(Work required): Your answer must be the records below, given again exactly, with no pictures in it.

(Materials provided):

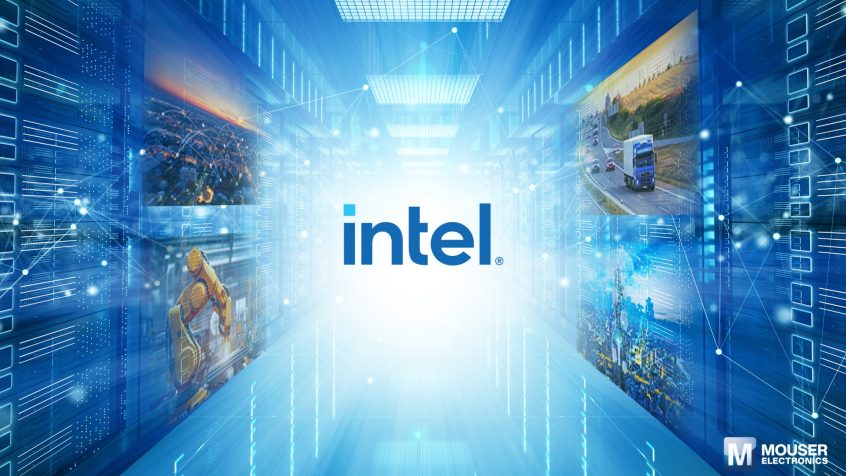 Bezpłatny webcast o układach FPGA firmy Intel® Programmable Solutions Group (PSG)
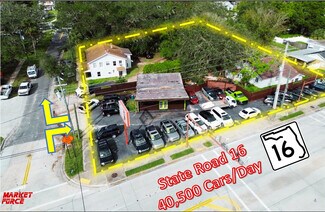 Saint Augustine, FL undefined
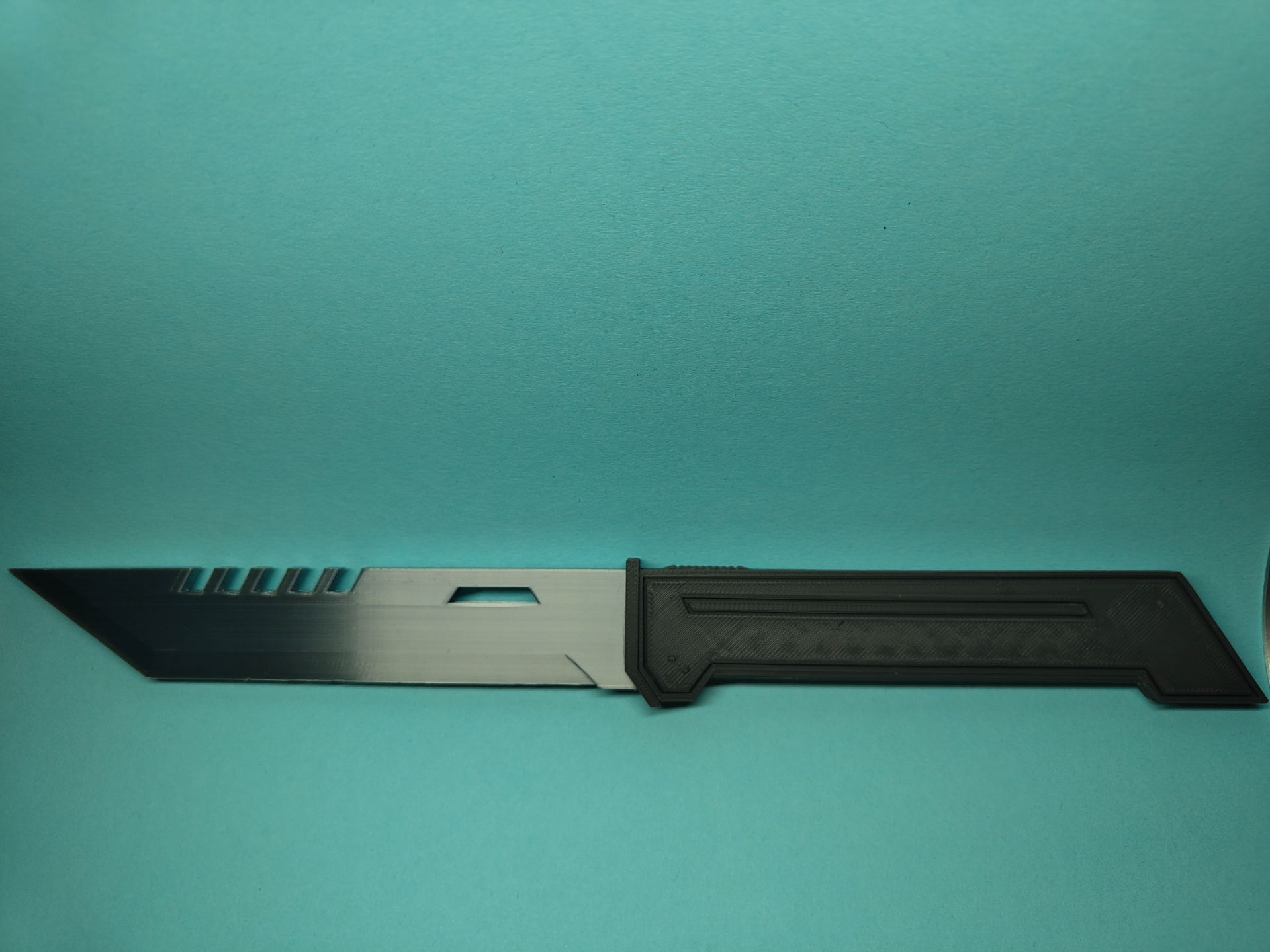 Vail VR knife V1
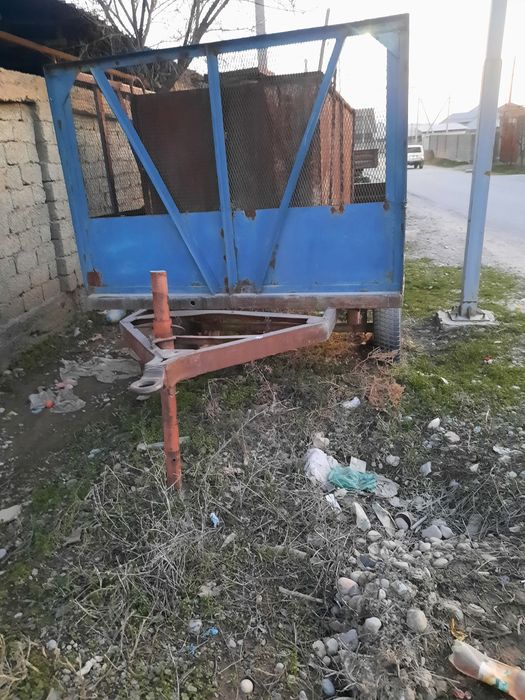 Цистернс 2шт. 5тон. 2тон.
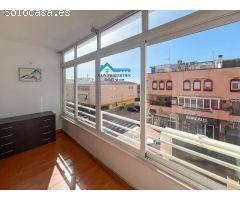 Amplio piso a la venta en el centro de Alfaz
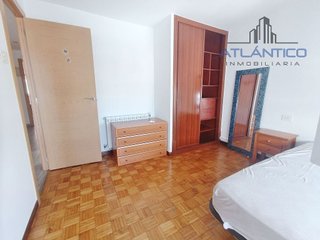Ático en venta en Falperra - Santa Lucía en Coruña (A)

(Response for this exercise):
 Bezpłatny webcast o układach FPGA firmy Intel® Programmable Solutions Group (PSG)
 Saint Augustine, FL undefined
 Vail VR knife V1
 Цистернс 2шт. 5тон. 2тон.
 Amplio piso a la venta en el centro de Alfaz
Ático en venta en Falperra - Santa Lucía en Coruña (A)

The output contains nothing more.